## Task description:
Entries follow. Give back exactly the lines starting at the one containing "Insignia™ - Portable" and ending at the one containing "Image 21 of 52 For 9457 Scepter Avenue", and no other lines.

Top of Supplied records

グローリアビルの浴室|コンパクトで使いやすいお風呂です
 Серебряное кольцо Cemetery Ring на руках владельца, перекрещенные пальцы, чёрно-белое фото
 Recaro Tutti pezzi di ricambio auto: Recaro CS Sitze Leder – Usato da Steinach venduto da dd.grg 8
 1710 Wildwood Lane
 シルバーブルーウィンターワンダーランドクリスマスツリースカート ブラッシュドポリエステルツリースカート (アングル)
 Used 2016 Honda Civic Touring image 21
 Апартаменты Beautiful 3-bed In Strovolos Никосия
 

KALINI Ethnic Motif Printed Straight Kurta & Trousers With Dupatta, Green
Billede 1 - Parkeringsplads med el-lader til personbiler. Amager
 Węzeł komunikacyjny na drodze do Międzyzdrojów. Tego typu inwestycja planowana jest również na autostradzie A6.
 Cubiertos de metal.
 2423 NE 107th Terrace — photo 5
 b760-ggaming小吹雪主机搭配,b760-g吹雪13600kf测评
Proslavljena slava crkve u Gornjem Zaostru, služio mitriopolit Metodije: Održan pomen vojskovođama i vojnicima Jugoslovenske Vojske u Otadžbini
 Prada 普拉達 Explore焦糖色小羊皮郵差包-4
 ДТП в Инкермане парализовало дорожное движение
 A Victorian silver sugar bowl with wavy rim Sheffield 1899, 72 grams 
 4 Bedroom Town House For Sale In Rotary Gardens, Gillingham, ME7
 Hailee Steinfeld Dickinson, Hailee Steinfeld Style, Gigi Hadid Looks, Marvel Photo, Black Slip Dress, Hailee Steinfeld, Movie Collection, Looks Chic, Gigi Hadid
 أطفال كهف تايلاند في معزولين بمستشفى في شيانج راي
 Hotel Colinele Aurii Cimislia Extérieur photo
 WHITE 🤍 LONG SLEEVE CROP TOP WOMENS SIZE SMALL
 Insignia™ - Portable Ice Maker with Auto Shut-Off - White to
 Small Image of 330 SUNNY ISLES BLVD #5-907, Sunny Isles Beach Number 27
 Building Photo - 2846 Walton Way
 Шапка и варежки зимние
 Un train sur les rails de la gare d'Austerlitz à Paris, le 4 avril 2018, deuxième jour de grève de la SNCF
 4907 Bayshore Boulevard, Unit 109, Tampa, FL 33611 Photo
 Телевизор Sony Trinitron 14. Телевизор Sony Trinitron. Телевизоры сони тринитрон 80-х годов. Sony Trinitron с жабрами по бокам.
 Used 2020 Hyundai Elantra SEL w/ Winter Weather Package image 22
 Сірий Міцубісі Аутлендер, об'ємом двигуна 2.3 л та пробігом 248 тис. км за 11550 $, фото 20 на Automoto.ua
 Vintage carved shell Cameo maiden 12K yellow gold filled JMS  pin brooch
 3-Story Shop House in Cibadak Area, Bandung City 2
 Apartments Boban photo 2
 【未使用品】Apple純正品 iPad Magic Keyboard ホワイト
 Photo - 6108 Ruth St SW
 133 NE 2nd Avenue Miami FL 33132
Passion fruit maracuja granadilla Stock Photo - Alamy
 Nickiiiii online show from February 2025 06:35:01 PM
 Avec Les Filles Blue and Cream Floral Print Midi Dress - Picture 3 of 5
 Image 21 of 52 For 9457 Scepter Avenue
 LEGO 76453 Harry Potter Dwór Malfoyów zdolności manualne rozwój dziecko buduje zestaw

Bottom of Supplied records

## Response area:
 Insignia™ - Portable Ice Maker with Auto Shut-Off - White to
 Small Image of 330 SUNNY ISLES BLVD #5-907, Sunny Isles Beach Number 27
 Building Photo - 2846 Walton Way
 Шапка и варежки зимние
 Un train sur les rails de la gare d'Austerlitz à Paris, le 4 avril 2018, deuxième jour de grève de la SNCF
 4907 Bayshore Boulevard, Unit 109, Tampa, FL 33611 Photo
 Телевизор Sony Trinitron 14. Телевизор Sony Trinitron. Телевизоры сони тринитрон 80-х годов. Sony Trinitron с жабрами по бокам.
 Used 2020 Hyundai Elantra SEL w/ Winter Weather Package image 22
 Сірий Міцубісі Аутлендер, об'ємом двигуна 2.3 л та пробігом 248 тис. км за 11550 $, фото 20 на Automoto.ua
 Vintage carved shell Cameo maiden 12K yellow gold filled JMS  pin brooch
 3-Story Shop House in Cibadak Area, Bandung City 2
 Apartments Boban photo 2
 【未使用品】Apple純正品 iPad Magic Keyboard ホワイト
 Photo - 6108 Ruth St SW
 133 NE 2nd Avenue Miami FL 33132
Passion fruit maracuja granadilla Stock Photo - Alamy
 Nickiiiii online show from February 2025 06:35:01 PM
 Avec Les Filles Blue and Cream Floral Print Midi Dress - Picture 3 of 5
 Image 21 of 52 For 9457 Scepter Avenue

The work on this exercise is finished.